I work for the Meteorological Service of Canada as a meteorologist in the Prairie and Arctic Storm Prediction Center. In my position, I produce the weather forecasts for a broad area of Canada; Manitoba, southern Saskatchewan, and eastern Nunavut. I also get the opportunity to produce marine forecasts for the eastern Arctic and Manitoba Lakes and the air quality forecasts for the eastern prairies. The great thing about my job is that the weather is constantly changing, so my day always looks a bit different. It’s rewarding to be able to produce a product (in this case a forecast) that I know is directly impacting Canadians, particularly if there is the potential for adverse weather conditions. Since weather is constantly changing, my job can be extremely challenging at times trying to figure out what will happen and how to best communicate that in my forecast.
What experiences and activities helped you to map out your career pathway?
There were two experiences that helped me decide to pursue a career in meteorology. The first one was visiting the Winnipeg weather office (where I now work) at the beginning of my university program and seeing what an amazing environment and office it was. The second was taking my first atmospheric science class in my geography program and realizing I could actually pursue this as a career. Being a part of the cooperative education program helped me make decisions relating to my career path along the way as I got more exposure to the different options available to me.
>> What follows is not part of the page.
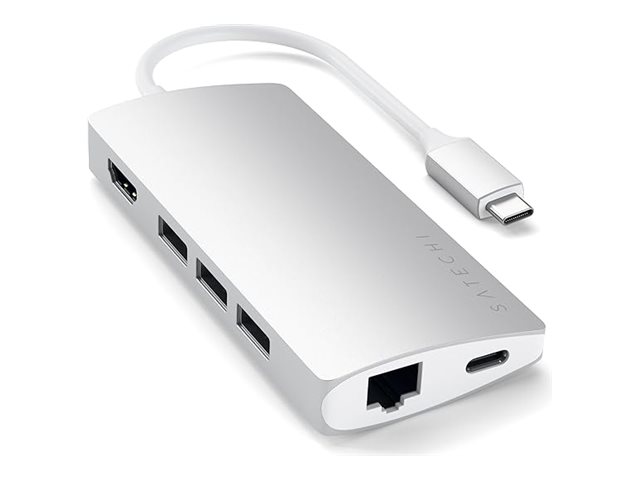 Satechi Aluminum Multi-Port Adapter V2 | Overview, Specs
As a student, did you see yourself in your current career? What stayed the same and/or changed?
After my first cooperative education placement at the Centre for Earth Observation Science at the University of Manitoba, I actually planned to pursue graduate education and eventually a career in research and academia. I went back and forth trying to decide if I wanted to continue my education or apply to Environment Canada to be a meteorologist. In the end, I decided to apply to Environment Canada and am now almost two years into my career with them.
What advice do you have for students who are interested in pursuing a degree in physical geography?
First and foremost, make sure you focus on your math and physics courses in the first two years of your program! These courses are the foundation for the rest of your career both in university and beyond. I also highly recommend taking courses in computer programing. Weather and climate models are an extremely important and quickly growing field in atmospheric science and understanding computer programing is a huge asset regardless of what field you go into. Finally, doing a cooperative education program and making professional connections in the field is invaluable as you move into your career. These connections may make the difference for landing your dream job!
What job search advice do you have for students and recent graduates?
Don’t pigeon hole yourself. I think many people limit themselves to either an ideal job, or what they “think” they should do with their degree. In reality, there are so many options from research and academics, to government agencies and private companies. For example, students from the physical geography program have gotten jobs as meteorologists, technicians, water survey technicians, fire weather forecasting, private sector forecasting, forecasting or technician jobs for private industry (oil and gas, energy, agriculture). The best thing you can do is to start making contacts early in your program and ask what opportunities they are aware of or people they can put you in contact with. Don’t be scared to apply for a job that might be a bit outside of your comfort zone or that you weren’t first considering.
Tell us a fun fact about your career path.
Since weather is a 24/7 phenomena, so is my job. As a meteorologist I work rotating shift work, including the night shift. While night shifts may not be a highlight of my job, getting two to six days off between rotations definitely is! Also, it is a great conversation starter at a party when people ask me what I do.